Et la lutte s’engagea. La Teuse enleva d’abord quelques belles cartes au Frère. Puis, deux as tombèrent en même temps sur la table.

— Bataille ! cria-t-elle avec une émotion extraordinaire.

Elle jeta un neuf, ce qui la consterna ; mais le Frère n’ayant jeté qu’un sept, elle ramassa les cartes, triomphante. Au bout d’une demi-heure, elle n’avait plus de nouveau que deux as, les chances se trouvaient rétablies. Et, vers le troisième quart-d’heure, c’était elle qui perdait un as. Le va-et-vient des valets, des dames et des rois, avait toute la furie d’un massacre.

— Hein ! elle est fameuse, cette partie ! dit Frère Archangias, en se tournant vers l’abbé Mouret.

Mais il le vit si perdu, si loin, ayant aux lèvres un sourire si inconscient, qu’il haussa brutalement la voix.

— Eh bien ! monsieur le curé, vous ne nous regardez donc pas ? Ce n’est guère poli… Nous ne jouons que pour vous. Nous cherchons à vous égayer… Allons, regardez le jeu. Ça vous vaudra mieux que de rêvasser. Où étiez-vous encore ?

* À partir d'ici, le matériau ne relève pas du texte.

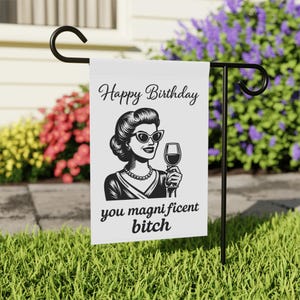 Funny Birthday Card for her, Magnificent Bitch, Bold Birthday Card, Sarcastic Birthday Gift, Humorous Card for Friend, Snarky Birthday Card
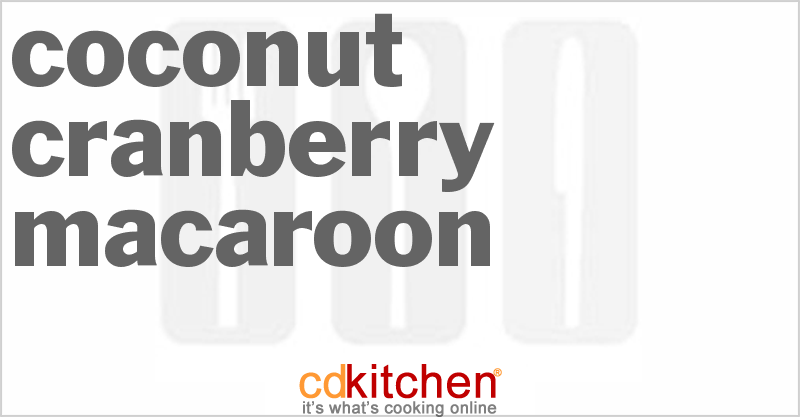 Coconut Cranberry Macaroon - CDKitchen.com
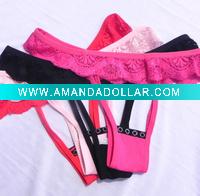 Wholesale Sexed ladies split panty/thongs/G-string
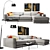 Ditre Italia Buble Blob Corner Sofa 3D model small image 1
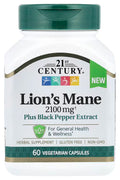 21st Century Lion's Mane Mushrooms Brain & Cognitive 2,100 mg 60 Vegetarian Caps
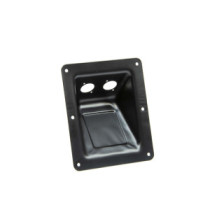 Thunder MTP-170 fém süllyesztett csatlakozó tálca, 2x Speakon furat (17x14 cm)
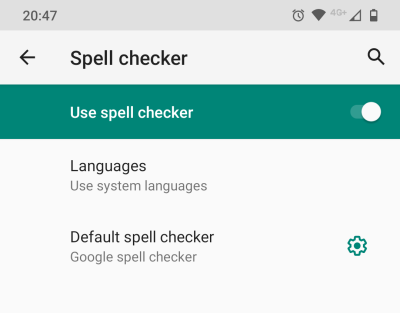 Spell checker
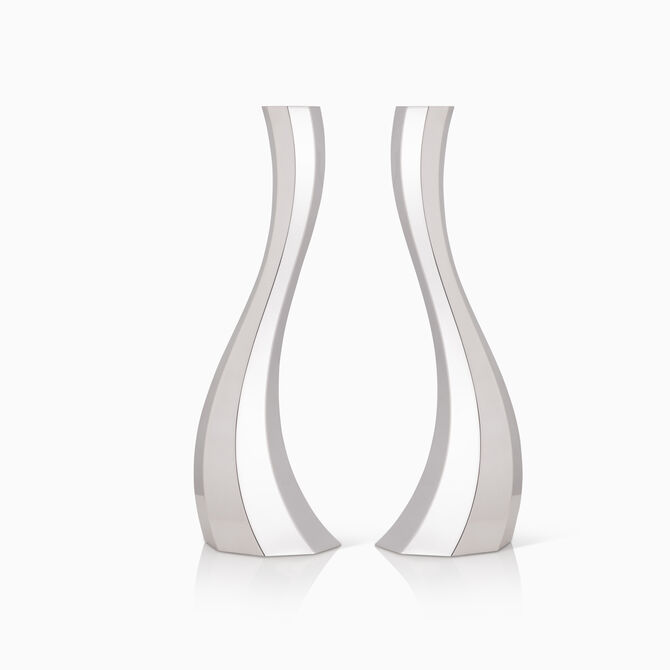 MERDINGER SILVER CANDLESTICKS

Le prêtre avait eu un tressaillement. Il ne répondit pas, il s’efforça de suivre le jeu, les paupières battantes. La partie continuait avec acharnement. La Teuse regagna son as, puis le reperdit. Certains soirs, ils se disputaient ainsi les as pendant quatre heures ; et souvent même ils allaient se coucher, furibonds, n’ayant pu se battre.